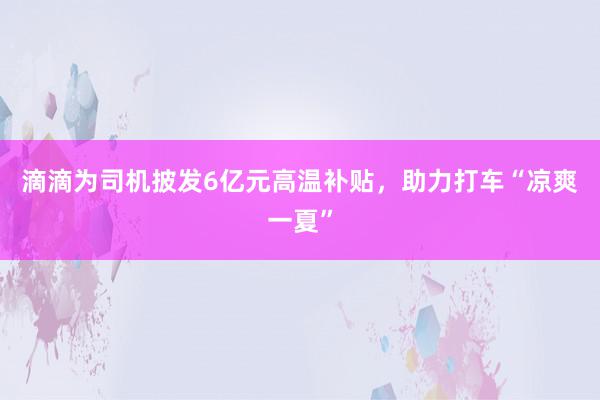 滴滴为司机披发6亿元高温补贴，助力打车“凉爽一夏”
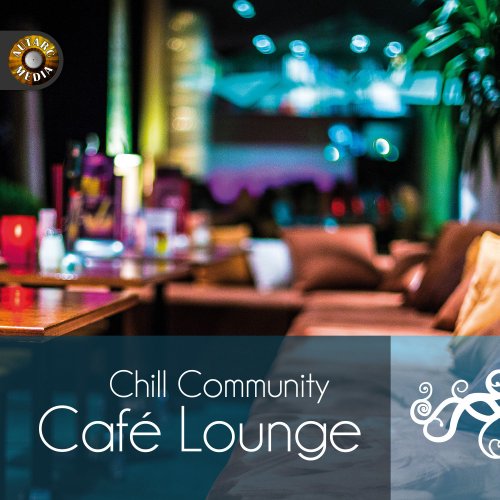 Chill Community - Cafe Lounge (2014)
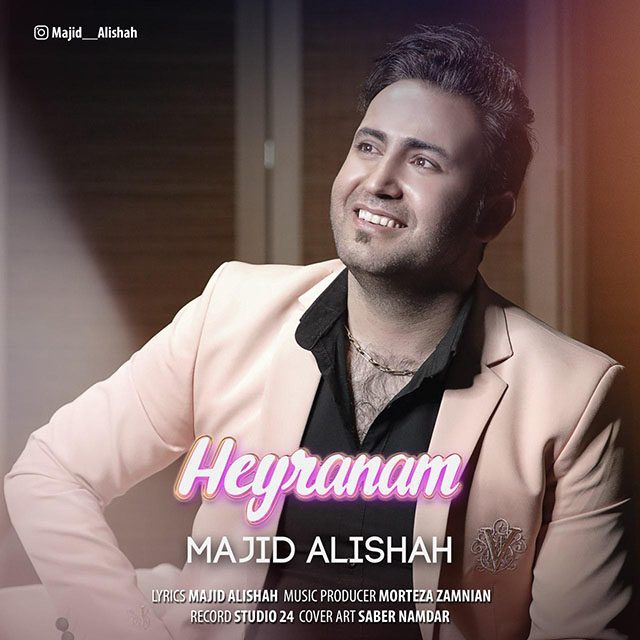 Majid Ali shah – Heyranam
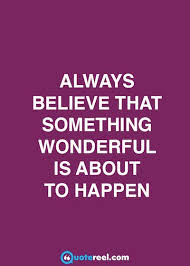 Always Believe That Something Wonderful Is About To Happen Meaning In Tamil 21 Quotes That Will Inspire You Love Husband Quotes Husband Quotes Failure Quotes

+ + + + +

● **AIM OF THE TASK**:
Reproduce the listing above from the line that contains "Chill Community - Cafe Lounge (2014)" through its final line, exactly and with nothing added. Omit the images.

● **ANSWER SPACE**:
 Chill Community - Cafe Lounge (2014)
 Majid Ali shah – Heyranam
 Always Believe That Something Wonderful Is About To Happen Meaning In Tamil 21 Quotes That Will Inspire You Love Husband Quotes Husband Quotes Failure Quotes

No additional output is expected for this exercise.